Welcoming the news that the Treaty has reached the threshold for entry into force, Irish Campaign for Nuclear Disarmament chairperson, Dr David Hutchinson Edgar said: "This is a momentous step on the road to a world free of nuclear weapons. There is now an irrefutable international norm against nuclear weapons. While that will not bring about disarmament overnight, it clearly de-legitimises their development and possession.
"Nuclear weapons are the most deadly, devastating and indiscriminate weapons ever developed. It is high time, 75 years after they were first used, that they were consigned to history forever. They are a prime example of the misapplication of scientific technology. The money and effort which has gone into their development and maintenance should now be diverted to tackling the other man-made existential crises facing the planet in the form of the climate crisis and biodiversity loss."

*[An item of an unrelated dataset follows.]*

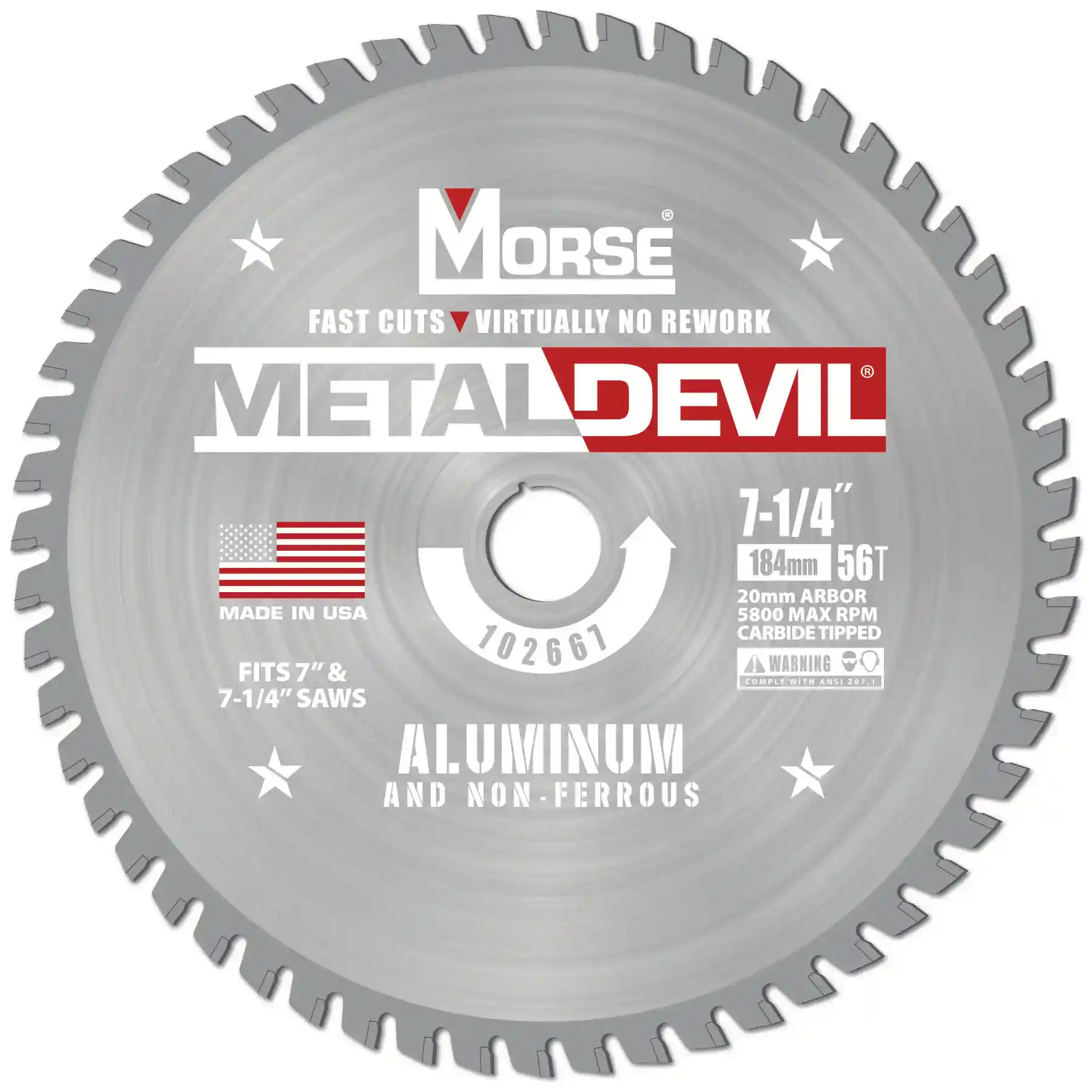 7-1/47" Metal Devil Circular Saw Blade, CSM7255620FNFC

Irish CND pays tribute to the tireless work of many campaigners, especially the hibakusha who survived the atomic bombing of Hiroshima and Nagasaki in 1945, many of whom have dedicated their lives - often despite serious health impacts from the bombing - to working to ensure that no future generation would have to endure the horrors they suffered.

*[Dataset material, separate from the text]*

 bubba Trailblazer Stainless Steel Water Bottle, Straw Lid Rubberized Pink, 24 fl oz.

The work of the International Campaign to Abolish Nuclear Weapons (ICAN - Nobel Peace Prize 2017), of which Irish CND is a partner organisation, deserves particular praise, in facilitating the development of a focussed global network of campaigners, working together towards the clear goal of the abolition of nuclear weapons. ICAN’s Executive Director Beatrice Fihn welcomed the historic moment. “This is a new chapter for nuclear disarmament. Decades of activism have achieved what many said was impossible: nuclear weapons are banned," she said.
ICAN Executive Director Beatrice Fihn and Setsuko Thurlow, who survived the Hiroshima bomb as a child, accept the 2017 Nobel Peace Prize. |
Irish CND commends the Irish government for its international leadership in the negotiation of the TPNW and the process leading to its entry into force. It is very much to be welcomed that all shades of Irish political opinion have put their support firmly behind the TPNW, and have emphasised its importance in providing the framework for disarmament which the Nuclear Non-Proliferation Treaty (NPT) lacks.
Irish CND wholeheartedly endorses the words of Minister for Foreign Affairs Simon Coveney, who stated*: "The Treaty on the Prohibition of Nuclear Weapons offers us a path to nuclear disarmament by finally putting in place a workable legal framework for the total elimination of nuclear weapons. The Treaty is fully complementary with the NPT. The TPNW strengthens and reinforces the NPT and reaffirms it as the cornerstone of the disarmament and non-proliferation regime. It is a facilitator, not an impediment to progress. As recognised in the NPT, TPNW and throughout the discussions on the humanitarian consequences of nuclear weapons, the only true guarantee against the horrors of nuclear war is the total elimination of nuclear weapons."
*Speech by Minister Simon Coveney, to the Conference on Disarmament in Geneva, 25th February 2019.